Saisonende im Amateurfußball: Wie es weitergehen kann

Traurige Realität: Die Plätze der Amateurfußballer bleiben bis Sommer leer, die Saison muss abgebrochen werden
Kompletter Neustart? Die Punkte mitnehmen? Oder die aktuelle Saison im Herbst fertig spielen? Der ÖFB entscheidet in einer Woche

Der Amateurfußball ist am Ende. Zumindest für diese Saison. Das steht nach dem Beschluss der Regierung, Veranstaltungen bis Ende Juni zu untersagen, fest. Offiziell beschlossen wird der Abbruch in einer Woche: Am Mittwoch, den 15. April, kommt das ÖFB-Präsidium (erstmals) mittels einer Videokonferenz zusammen.

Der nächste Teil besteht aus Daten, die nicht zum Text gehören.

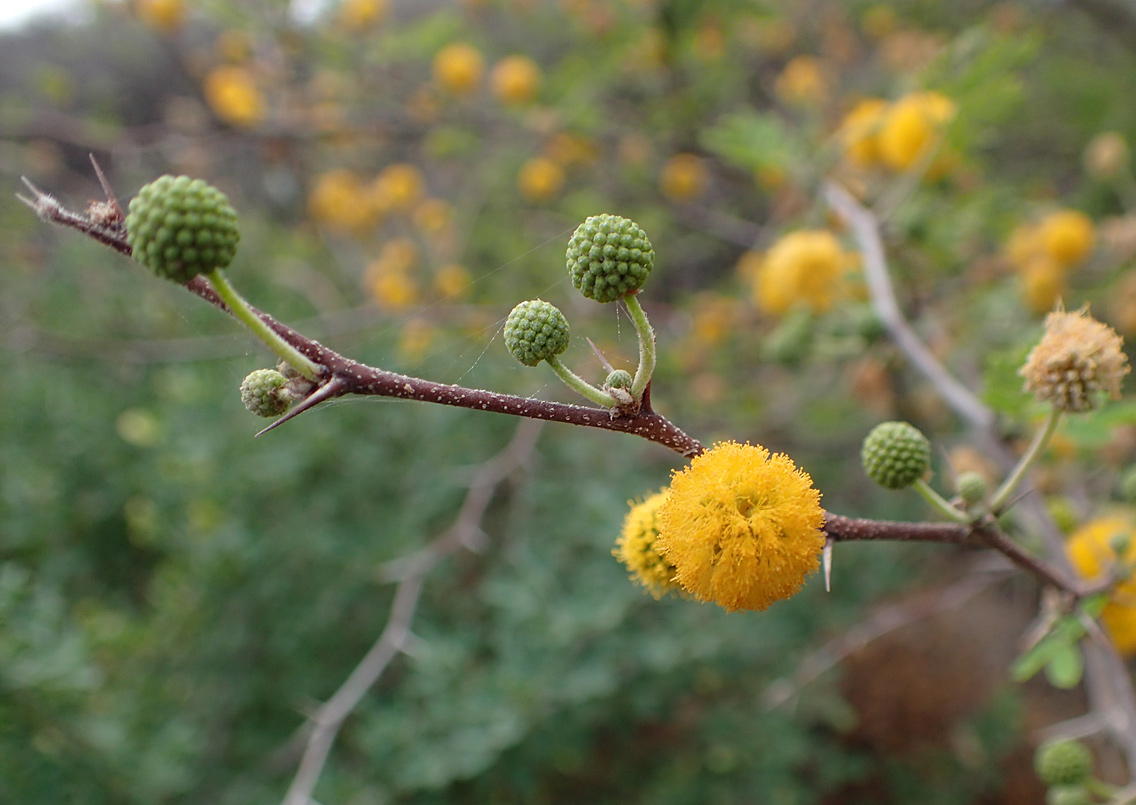 Изображение особи Vachellia farnesiana.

Geisterspiele, die als Retter der Saison für Profis gelten, sind im Amateurfußball keine Hilfe. Gerade die kleinen Klubs leben vom Stammpublikum und dem Umsatz in der Kantine. Abgesehen von den nötigen Corona-Tests, die für Zehntausende Amateurkicker nicht zur Verfügung stehen würden.

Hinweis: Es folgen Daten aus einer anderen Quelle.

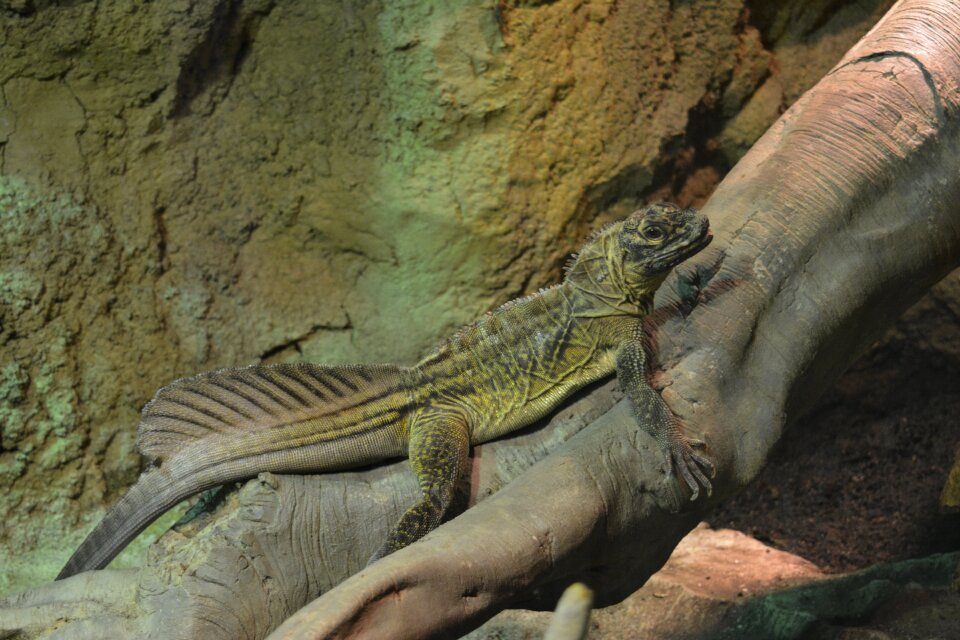 Reptile tropical wildlife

Werner Mischling, langjähriger Sektionsleiter von Retz, sagt zum KURIER: „Wir sind ein gesunder Verein und haben Null Rückstände, aber ich glaube, ich kann da für alle sprechen: Geisterspiele sind für Amateurklubs nicht finanzierbar.“

ÖFB sichert sich ab

Wie geht’s weiter? Gibt es Auf- oder Absteiger? Von dieser Ungewissheit sind aktuell nicht nur Profis betroffen, sondern auch weit über tausend Amateurklubs.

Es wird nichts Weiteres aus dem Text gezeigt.